Scraped caption text data
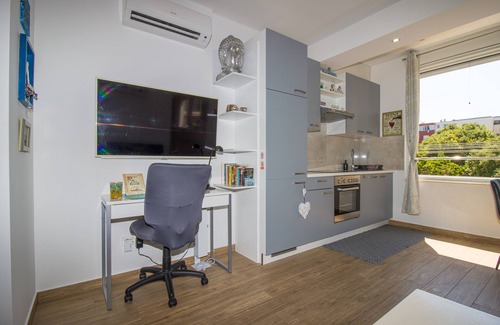 Bacvice Apartment | Brand New Suite next to Palace & Beach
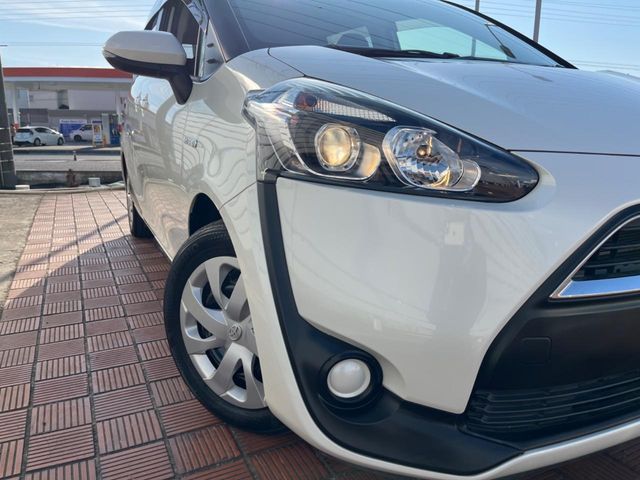 TOYOTA SIENTA HYBRID 2016 Image 31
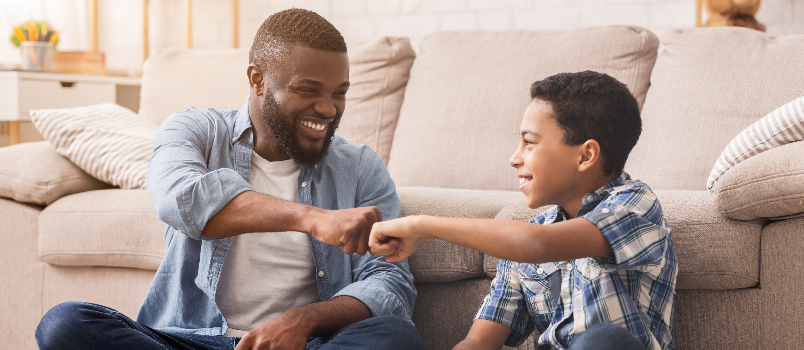 Père et fils célèbrent avec Fist Bump Indoors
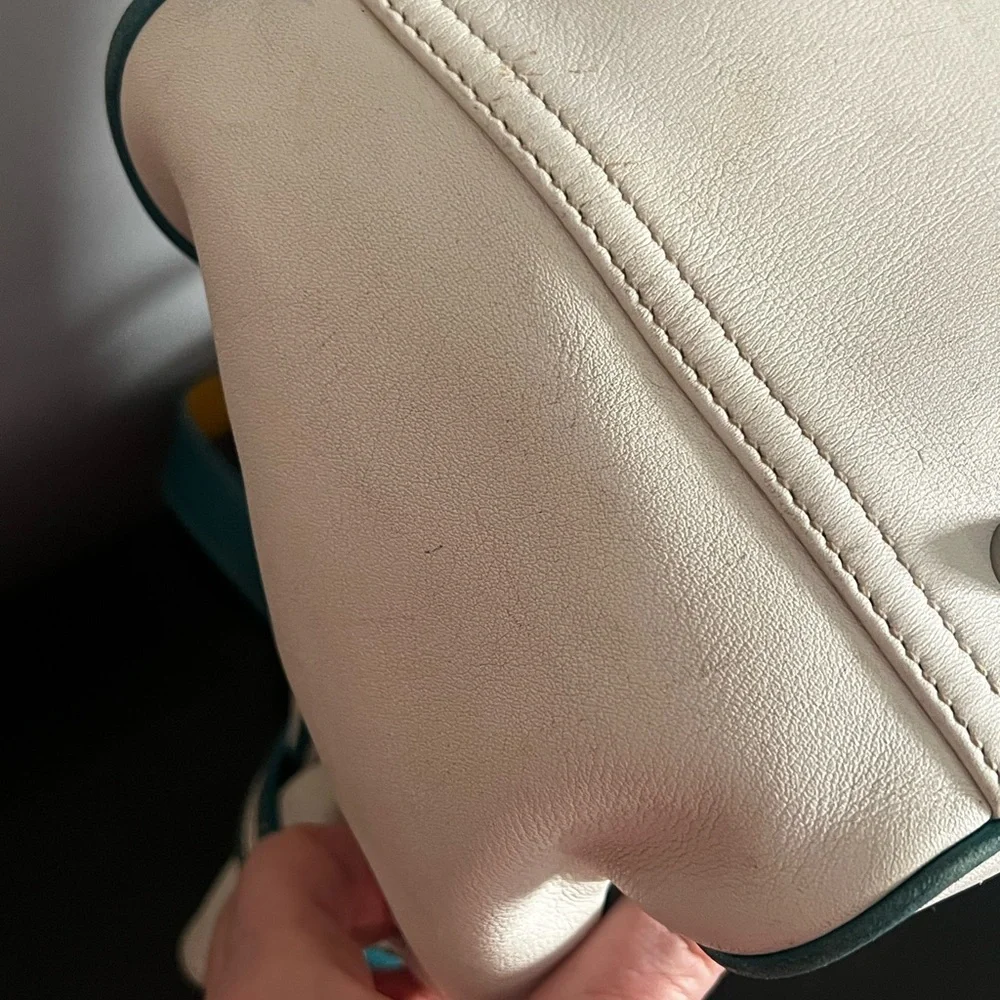 Vintage Y2K 2003 Coach Teal/Yellow/White Hampton Carryall 9286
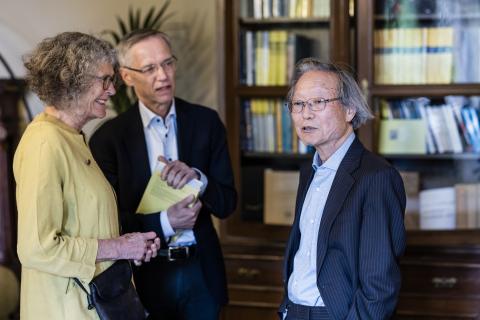 Abelprisens vinner 2025, Masaki Kashiwara sammen med to komitémedlemmer - Helge Holden og Ragni Piene.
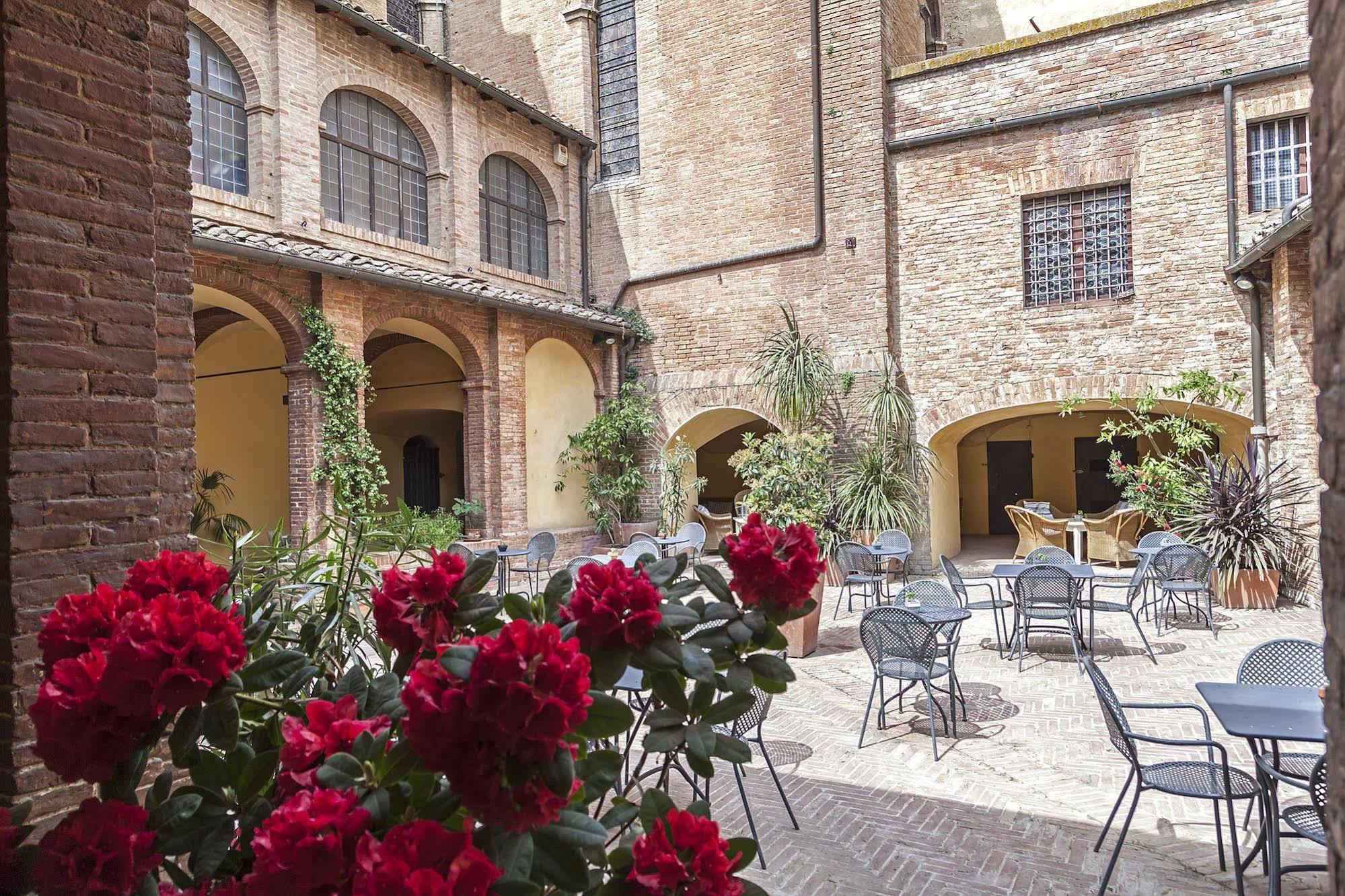 Il Chiostro Del Carmine Hotel Siena Luaran gambar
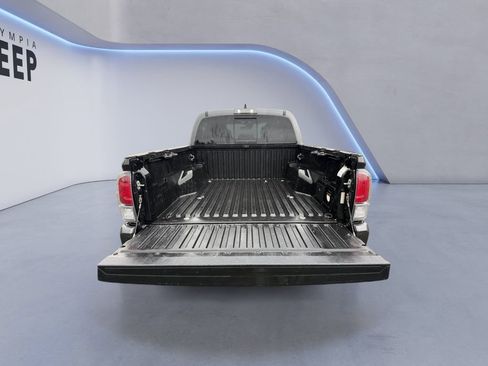 Used 2022 Toyota Tacoma TRD Sport w/ Technology Package image 21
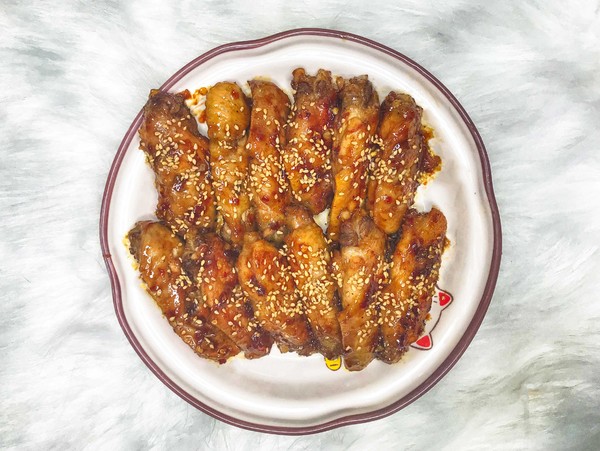 蜜汁雞翅的做法-家常味煎菜譜-易網健康養生網 蜜汁雞翅的做法-家常味煎菜譜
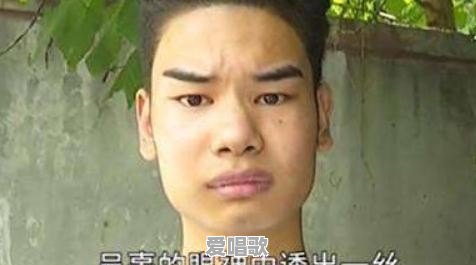 为什么现在很多人都追捧网红?现在年轻人好多都不上班,靠虚拟网络来挣钱 为什么现在很多人都追捧网红?现在年轻人好多都不上班,靠虚拟网络来挣钱 - 爱唱歌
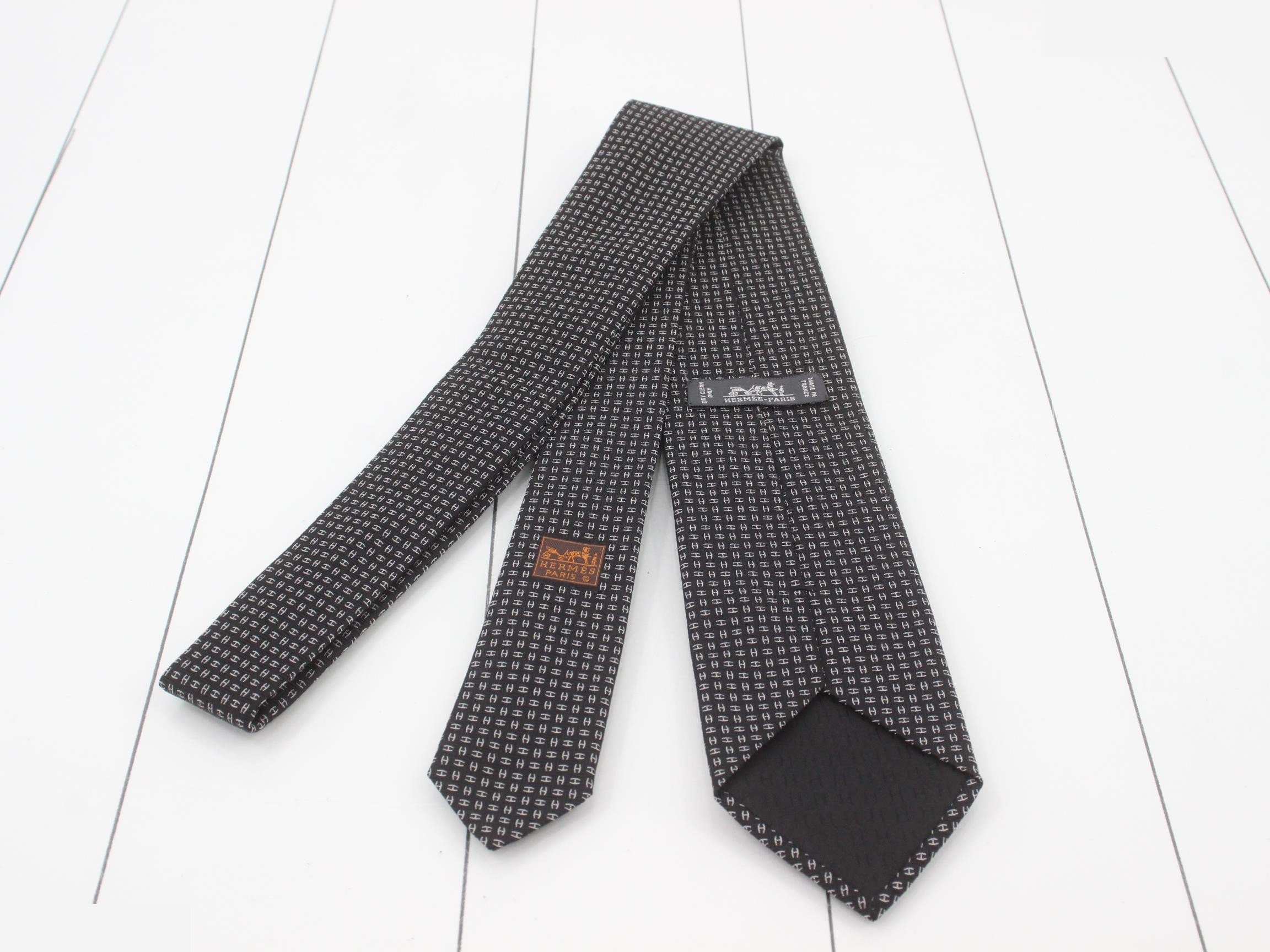 tie — view 2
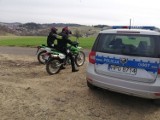 Jazda motocyklem i quadem po lasach będzie legalna? Lasy Państwowe chcą się dogadać z fanami offroad. Przyrodnicy i turyści oburzeni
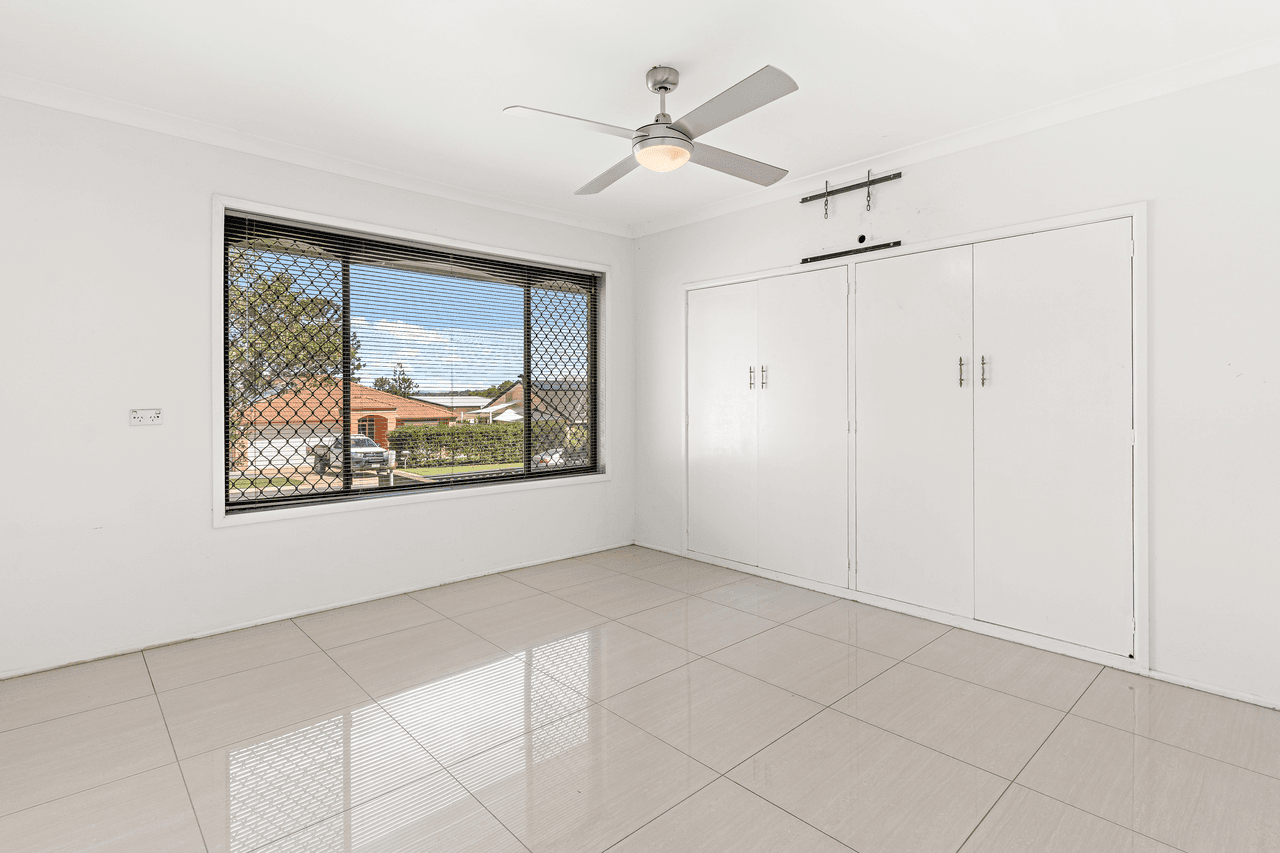 4 Greenview Avenue, ROCHEDALE SOUTH, QLD 4123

**Task**
Reproduce all of the entries word for word, skipping any pictures they hold.

**Answer**
 Bacvice Apartment | Brand New Suite next to Palace & Beach
 TOYOTA SIENTA HYBRID 2016 Image 31
 Père et fils célèbrent avec Fist Bump Indoors
 Vintage Y2K 2003 Coach Teal/Yellow/White Hampton Carryall 9286
 Abelprisens vinner 2025, Masaki Kashiwara sammen med to komitémedlemmer - Helge Holden og Ragni Piene.
 Il Chiostro Del Carmine Hotel Siena Luaran gambar
 Used 2022 Toyota Tacoma TRD Sport w/ Technology Package image 21
 蜜汁雞翅的做法-家常味煎菜譜-易網健康養生網 蜜汁雞翅的做法-家常味煎菜譜
 为什么现在很多人都追捧网红?现在年轻人好多都不上班,靠虚拟网络来挣钱 为什么现在很多人都追捧网红?现在年轻人好多都不上班,靠虚拟网络来挣钱 - 爱唱歌
 tie — view 2
 Jazda motocyklem i quadem po lasach będzie legalna? Lasy Państwowe chcą się dogadać z fanami offroad. Przyrodnicy i turyści oburzeni
 4 Greenview Avenue, ROCHEDALE SOUTH, QLD 4123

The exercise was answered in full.